A classic Verdi opera, Aida combines an Egyptian love triangle with elaborate costuming. Tragic, yet at times lighthearted, it is every bit as grandiose as a Verdi opera should be. The modern version of the production delivers a notable contemporary influence with its unique set, costuming and choreography. Despite this update, the production holds true to the themes of Verdi's original work, making for an impactful live experience.

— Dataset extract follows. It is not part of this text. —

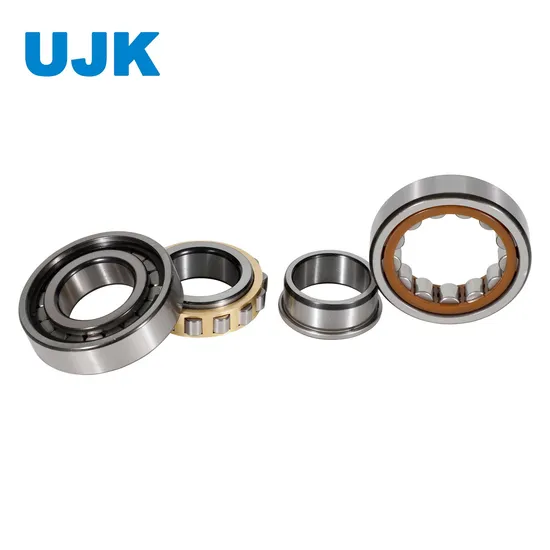 Single Row Cylindrical Roller Bearings N, NF, Np 280mm NF1928 Np1928 pictures & photos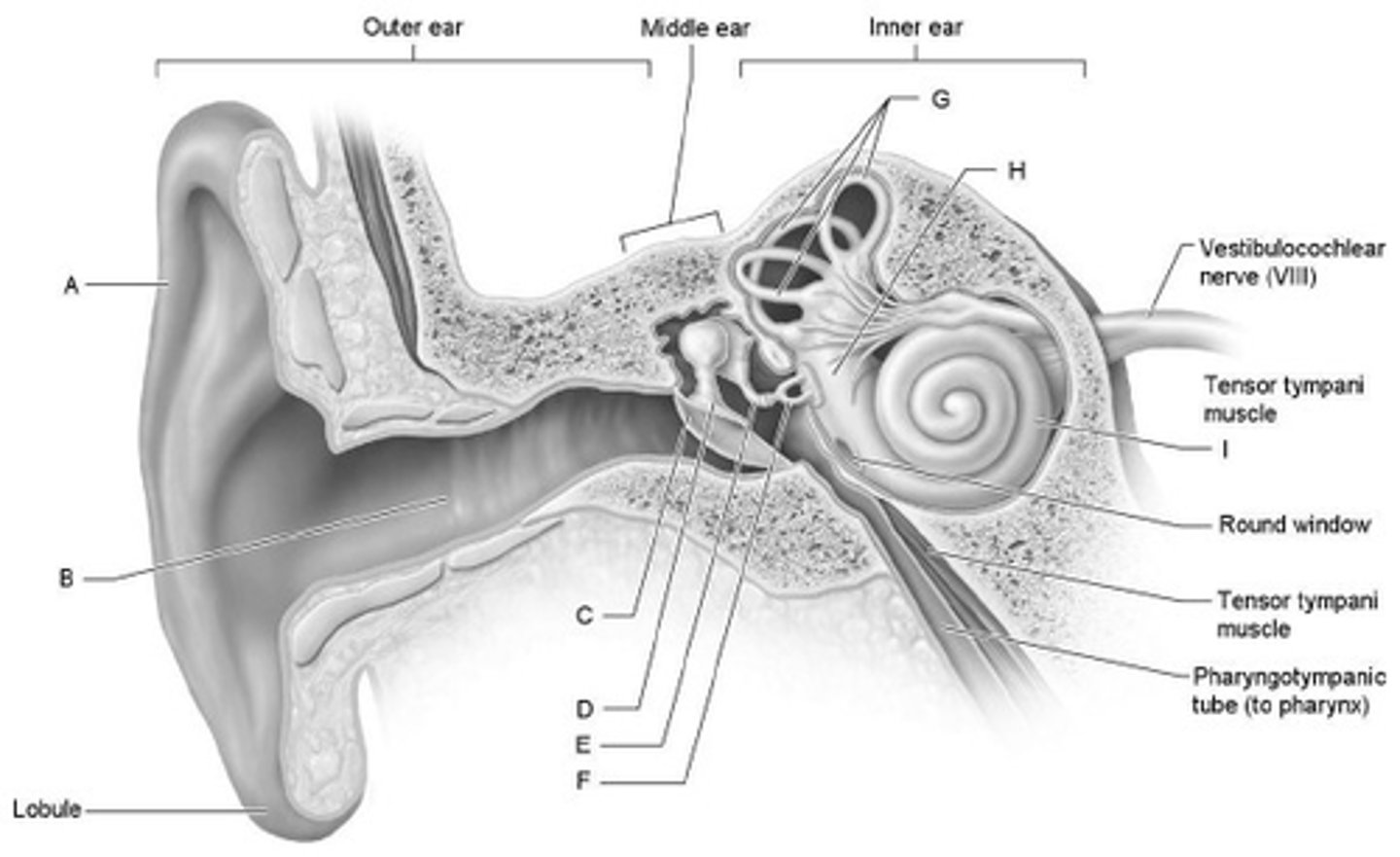 <p>c</p>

During the 19th century, Egypt's Isma'il Pasha (also known as Isma'il the Magnificent) commissioned Giuseppi Verdi to write an opera in honor of the opening of the Khedivial Opera House. The Opera premiered in Cairo to great fanfare, but it proved even more popular in Italy. Since then, it has inspired numerous adaptations, including a musical by Elton John and Tim Rice. The modern production largely returns to tradition, despite featuring a more contemporary set design. Today, Aida tickets are widely regarded as an operatic staple, with more than 1,000 performances entertaining and inspiring worldwide audiences every year.
Aida live experience
There's nothing understated about Aida. It is a true stage-based spectacle, combining romantic overtures with colorful costumes and detailed set design. Acclaimed artist RETNA inspired both the costumes and the set for the modern rendition. This contemporary edge helps to connect the issues explored in the original version of Aida to modern times.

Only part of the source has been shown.